• _Raw data_
──────────

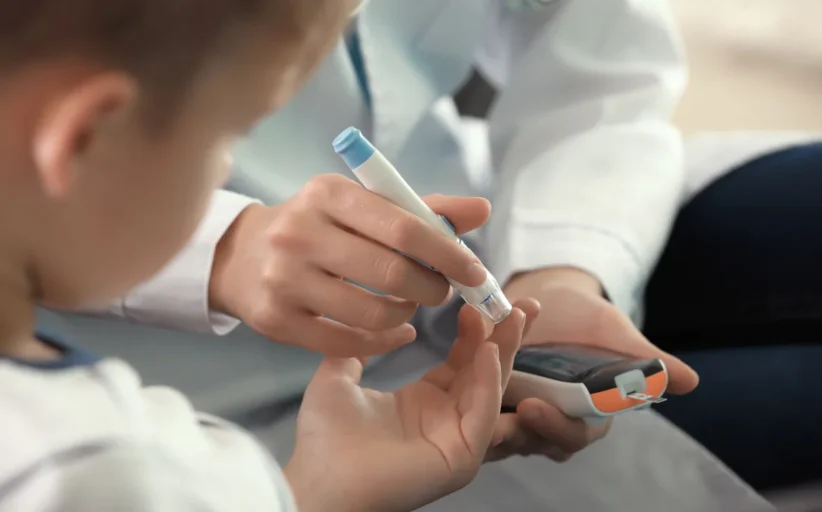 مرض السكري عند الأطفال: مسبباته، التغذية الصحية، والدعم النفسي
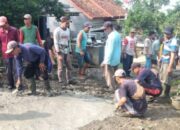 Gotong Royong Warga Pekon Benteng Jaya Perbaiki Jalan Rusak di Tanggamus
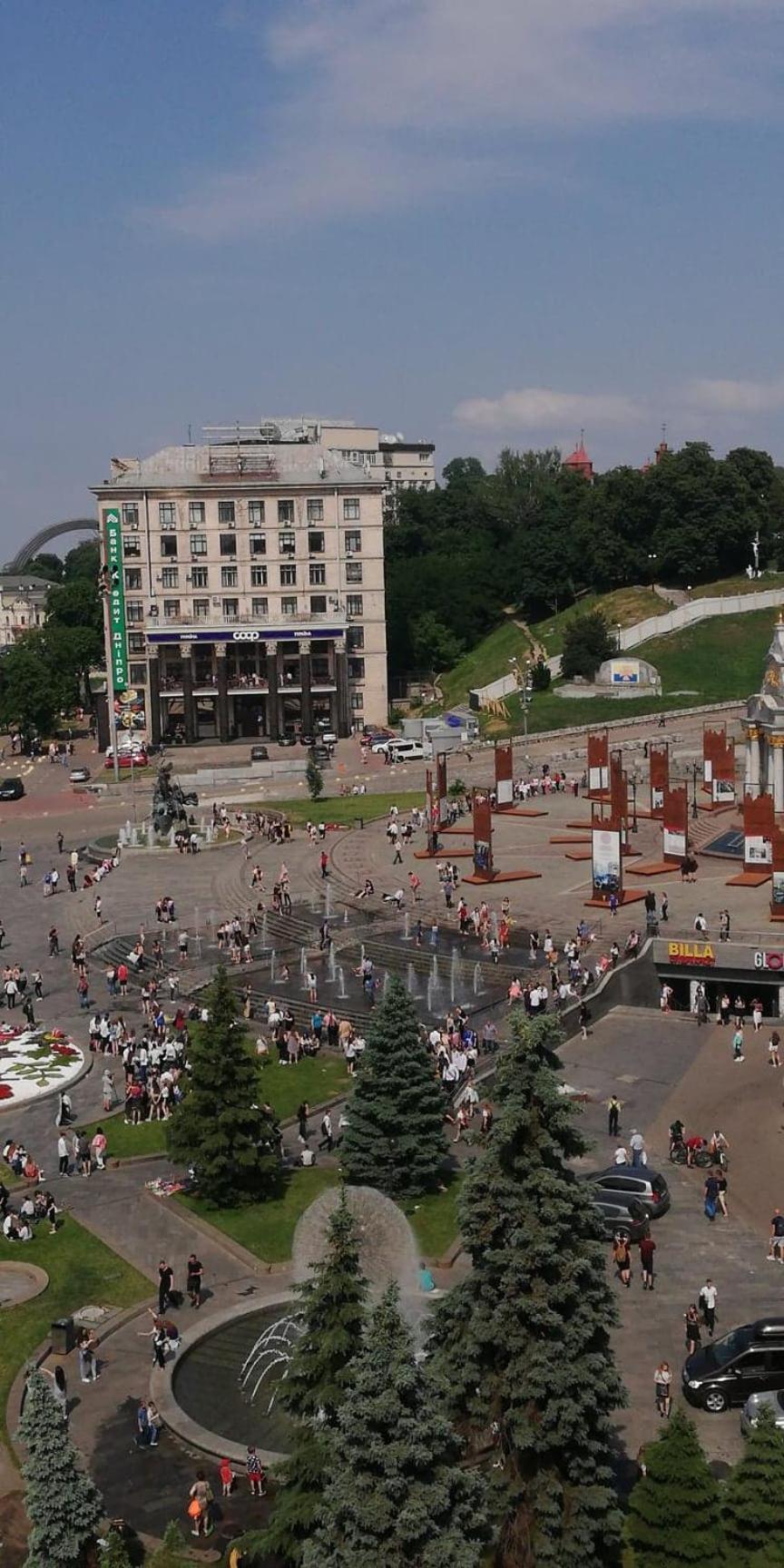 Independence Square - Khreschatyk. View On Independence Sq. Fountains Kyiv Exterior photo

──────────

• _Directions for this task_
In your copy of the data above, leave out the pictures and repeat everything else exactly.

• _Solution to this task_
 مرض السكري عند الأطفال: مسبباته، التغذية الصحية، والدعم النفسي
 Gotong Royong Warga Pekon Benteng Jaya Perbaiki Jalan Rusak di Tanggamus
 Independence Square - Khreschatyk. View On Independence Sq. Fountains Kyiv Exterior photo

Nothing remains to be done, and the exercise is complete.